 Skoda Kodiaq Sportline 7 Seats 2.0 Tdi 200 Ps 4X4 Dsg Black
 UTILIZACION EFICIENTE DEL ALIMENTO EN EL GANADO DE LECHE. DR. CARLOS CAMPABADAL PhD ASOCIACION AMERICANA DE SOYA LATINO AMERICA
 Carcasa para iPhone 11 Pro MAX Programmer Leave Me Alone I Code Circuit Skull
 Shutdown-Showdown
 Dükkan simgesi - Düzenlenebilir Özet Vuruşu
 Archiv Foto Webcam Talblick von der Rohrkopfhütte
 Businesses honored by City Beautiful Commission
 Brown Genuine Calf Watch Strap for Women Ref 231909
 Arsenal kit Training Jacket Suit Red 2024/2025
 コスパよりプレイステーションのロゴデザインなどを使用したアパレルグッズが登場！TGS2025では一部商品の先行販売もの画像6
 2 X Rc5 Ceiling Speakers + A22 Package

********************

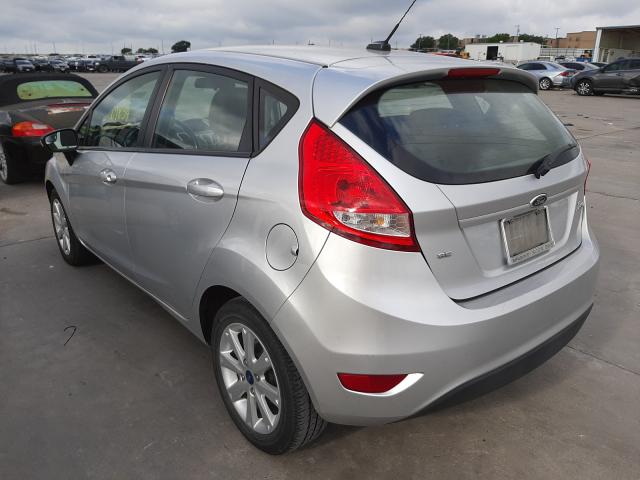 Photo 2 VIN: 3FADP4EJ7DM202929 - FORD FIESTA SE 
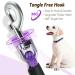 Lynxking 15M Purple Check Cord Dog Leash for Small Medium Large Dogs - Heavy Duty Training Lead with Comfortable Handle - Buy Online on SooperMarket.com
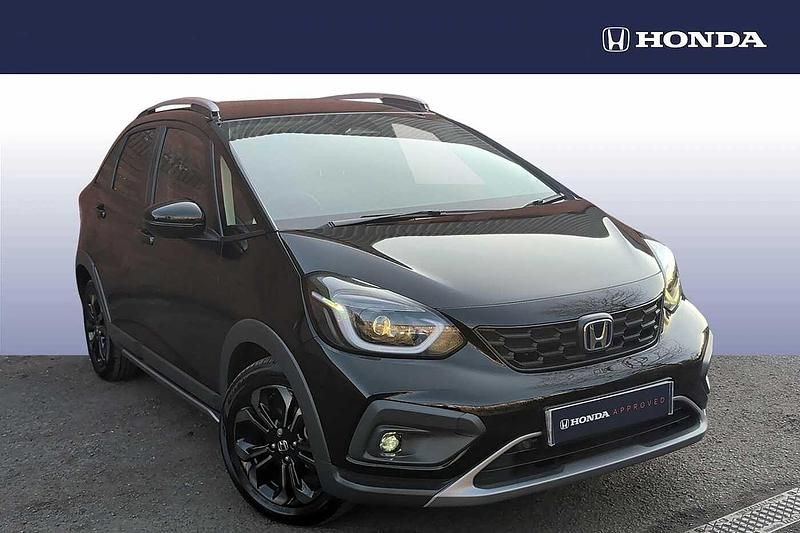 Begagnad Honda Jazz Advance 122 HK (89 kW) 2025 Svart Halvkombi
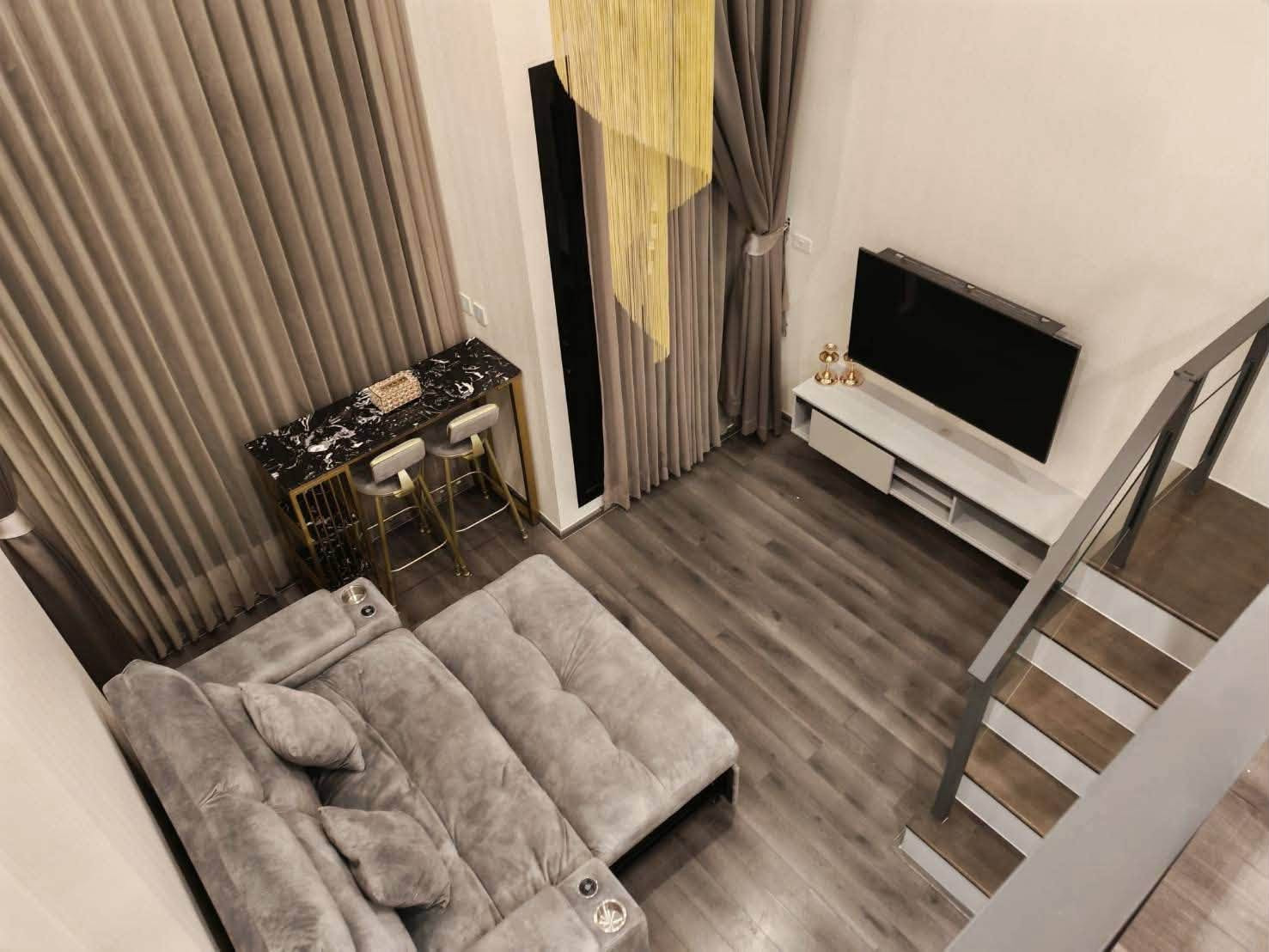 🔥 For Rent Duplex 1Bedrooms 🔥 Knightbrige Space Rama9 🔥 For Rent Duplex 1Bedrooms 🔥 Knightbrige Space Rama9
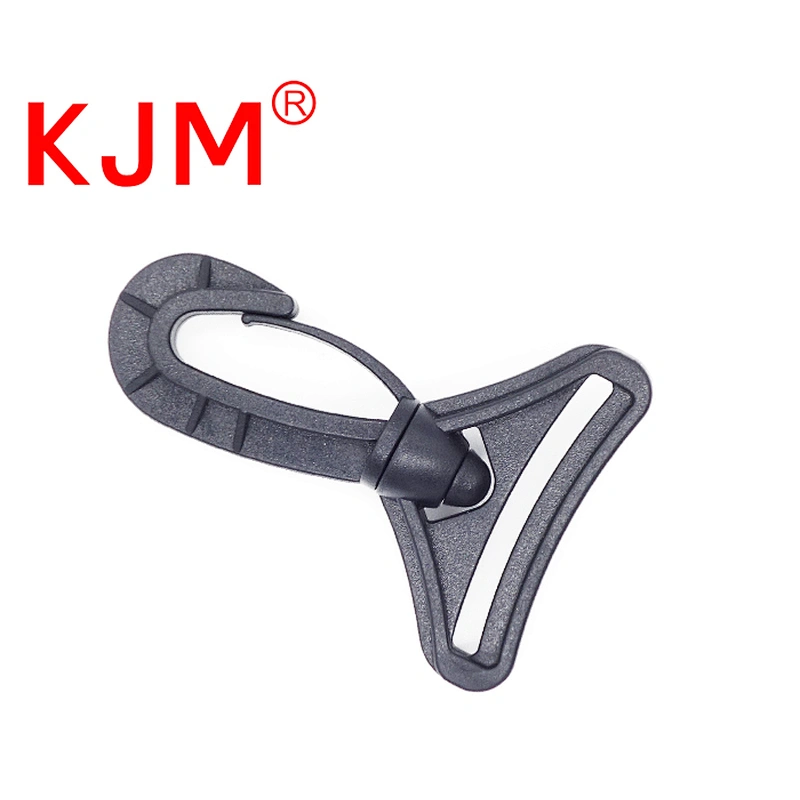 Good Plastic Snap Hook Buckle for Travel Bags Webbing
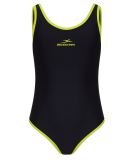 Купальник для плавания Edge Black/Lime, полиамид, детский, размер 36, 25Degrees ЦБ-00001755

********************

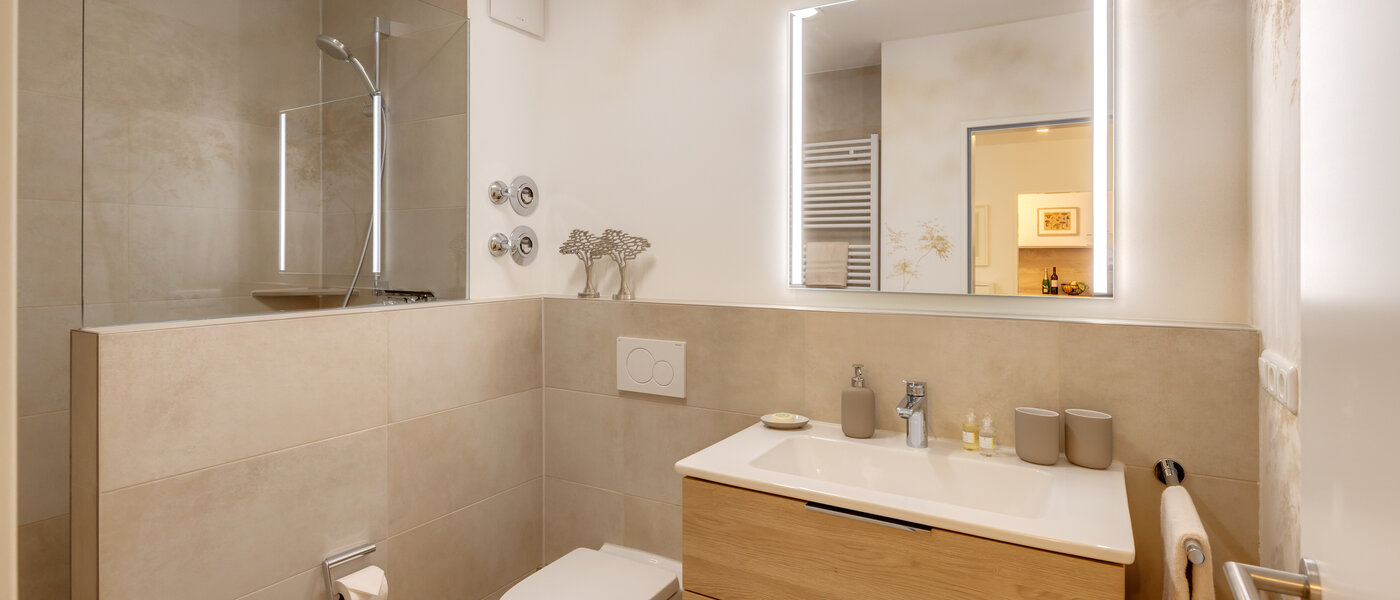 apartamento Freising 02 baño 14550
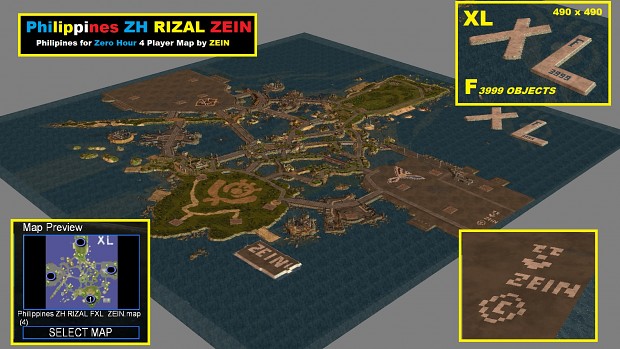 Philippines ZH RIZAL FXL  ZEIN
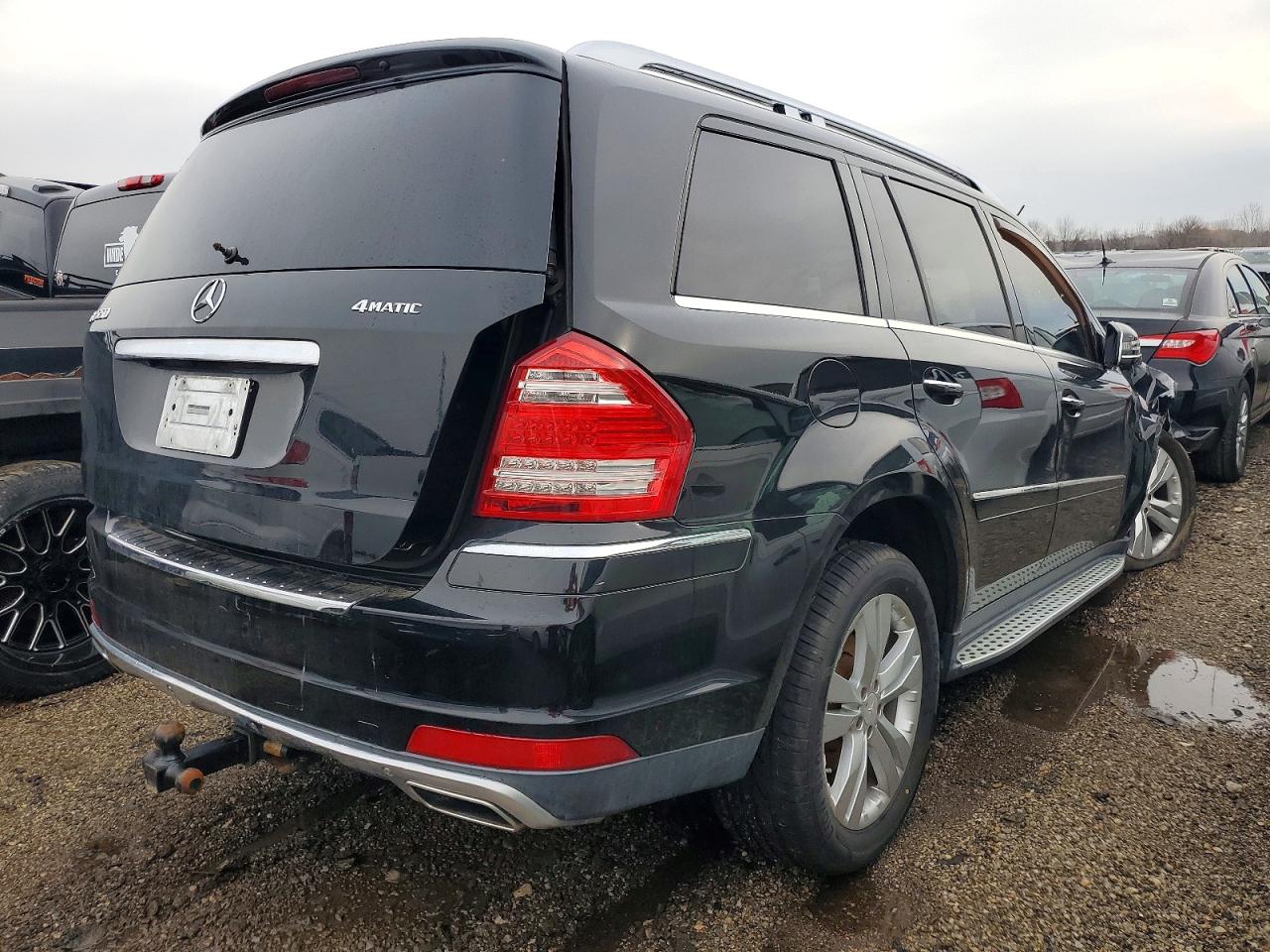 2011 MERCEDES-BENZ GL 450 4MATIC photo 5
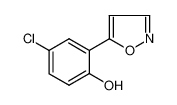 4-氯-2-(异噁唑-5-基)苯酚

********************

* [Your assignment] Taking the entries above, print exactly the lines starting at the line with "Skoda Kodiaq Sportline" and ending at the line with "Businesses honored by", both included.

* [Written answer]
 Skoda Kodiaq Sportline 7 Seats 2.0 Tdi 200 Ps 4X4 Dsg Black
 UTILIZACION EFICIENTE DEL ALIMENTO EN EL GANADO DE LECHE. DR. CARLOS CAMPABADAL PhD ASOCIACION AMERICANA DE SOYA LATINO AMERICA
 Carcasa para iPhone 11 Pro MAX Programmer Leave Me Alone I Code Circuit Skull
 Shutdown-Showdown
 Dükkan simgesi - Düzenlenebilir Özet Vuruşu
 Archiv Foto Webcam Talblick von der Rohrkopfhütte
 Businesses honored by City Beautiful Commission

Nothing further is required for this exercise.